I mounted the old teak settee on the bluff again with rebar so the hellacious winds don't take it!

Picasso is smelling the first green on the old rose bush!

Welcome Spring!


----------



## Suzi (Oct 27, 2010)

O'Bluff said:


> I mounted the old teak settee on the bluff again with rebar so the hellacious winds don't take it!
> 
> Picasso is smelling the first green on the old rose bush!
> 
> Welcome Spring!


 You have A beautiful view. I grew up sailing in the sound and threw out Canada .We keep our boat in port townsen. Your photo brings back nice memories I love the first signs of spring


----------



## TilliesMom (Sep 30, 2010)

wow! beautiful!! I wish spring would spring around here! rain, rain and MOOOOORE rain!


----------



## rdanielle (Sep 2, 2008)

Nice view! So picturesque!


----------



## whimsy (Apr 3, 2010)

Beautiful!!


----------



## Lizzie'sMom (Oct 13, 2010)

I love looking at your pictures! They are breathtaking. We had one nice day here last week and today it is supposed to be 50, but right now it is dismal looking out. THEN by the middle of the week 30's and snow. I am ready for Spring. Lizzie wants to run, but she gets so dirty!


----------



## Kathie (Jul 31, 2008)

Beautiful view! We just have a pond view in our back yard but love it still. Any body of water just gives a peaceful feeling.

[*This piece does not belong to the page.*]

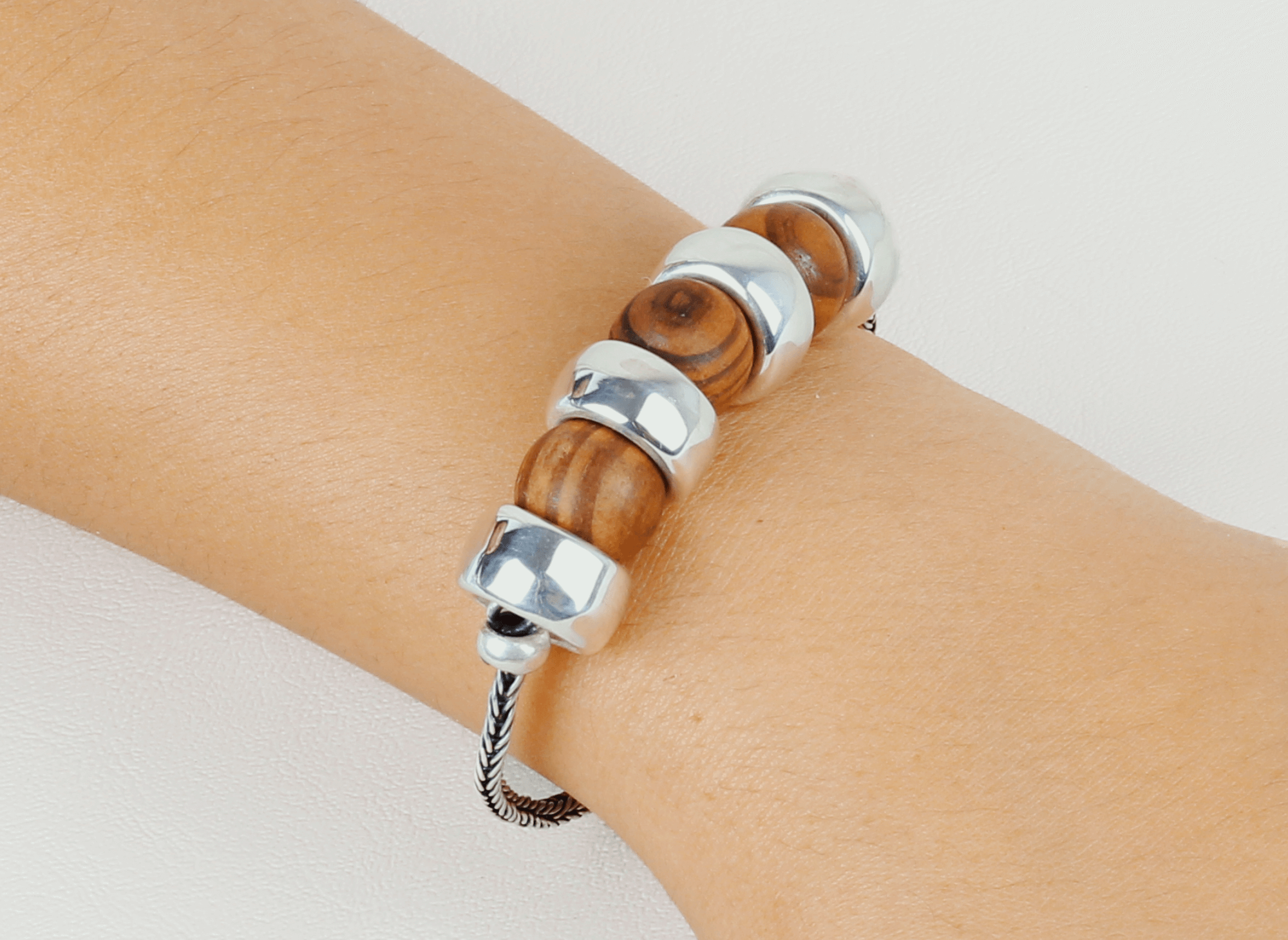 Pulsera Siena Colors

We had 80 degree weather today and it seems to be here for a while before hopefully our last cool snap next weekend. Enjoying getting out and being warm!


----------



## clare (Feb 6, 2010)

I love all the seasons,and seeing the pictures that are posted on this forum is both very interesting and insightful for a Brit!


----------



## holt24 (Jan 21, 2011)

Thanks for sharing spring with us!


----------



## davetgabby (Dec 29, 2007)

ahhhh be quiet everyone, we just had a foot of snow today. :frusty:


----------



## O'Bluff (Jan 29, 2011)

Sorry Dave, couldn't resist!

57 and sunny today!


----------



## Kathie (Jul 31, 2008)

davetgabby said:


> ahhhh be quiet everyone, we just had a foot of snow today. :frusty:


I'm so sorry about your prolonged winter, Dave. I guess you're getting pretty sick of snow by now so I guess I'd better not mention our record high temperatures down here! Upper eighties - just couldn't resist!


----------



## clare (Feb 6, 2010)

*61 and Sun!*

We went for our walk to the park today, as we have all week, with mild spring sunshine.Have to make hay whilst the sun shines as we will be back to 50 degrees by Sunday.So time for RLH,and smelling the flowers!


----------



## Lizzie'sMom (Oct 13, 2010)

beautiful pictures O'Bluff and Clare. You already have daffodils in bloom. Mine are just poking out of the ground. We have had ice yesterday and today. Have to say it was quite pretty covering all the trees and bushes.


----------



## Flynn Gentry-Taylor (Jan 17, 2008)

I agree O'Bluff and Clare, beautiful, thanks for sending!!!!


----------



## Jplatthy (Jan 16, 2011)

Ok so I cheated and there is one pic that is not Spring lol


----------



## O'Bluff (Jan 29, 2011)

I love the photo with the big smile! Such a cutie!


----------



## clare (Feb 6, 2010)

*Dizzie and Nellie*

Sorry don't want to bore you but here's another spring pick,this time taken yesterday.Tonight the clocks spring forward for us,so an hour less in bed,still the pups have been getting up earlier and earlier over the last 10 days as it is so light in the morning.


----------



## davetgabby (Dec 29, 2007)

:frusty::frusty:


----------



## Kathie (Jul 31, 2008)

Gigi, they look so adorable! They pose so nicely, too!


----------



## clare (Feb 6, 2010)

Thanks Kathie,they are my dear babies!


----------



## clare (Feb 6, 2010)

How deep is the snow,Dave!! LOL.


----------



## O'Bluff (Jan 29, 2011)

davetgabby said:


> :frusty::frusty:


Hang in there Dave; the three days of summer will be here before you know it!


----------



## davetgabby (Dec 29, 2007)

clare said:


> How deep is the snow,Dave!! LOL.


It was almost gone until this last storm. We had about a foot of snow and supposed to stay cool for a couple more weeks. :frusty:


----------



## davetgabby (Dec 29, 2007)

O'Bluff said:


> Hang in there Dave; the three days of summer will be here before you know it!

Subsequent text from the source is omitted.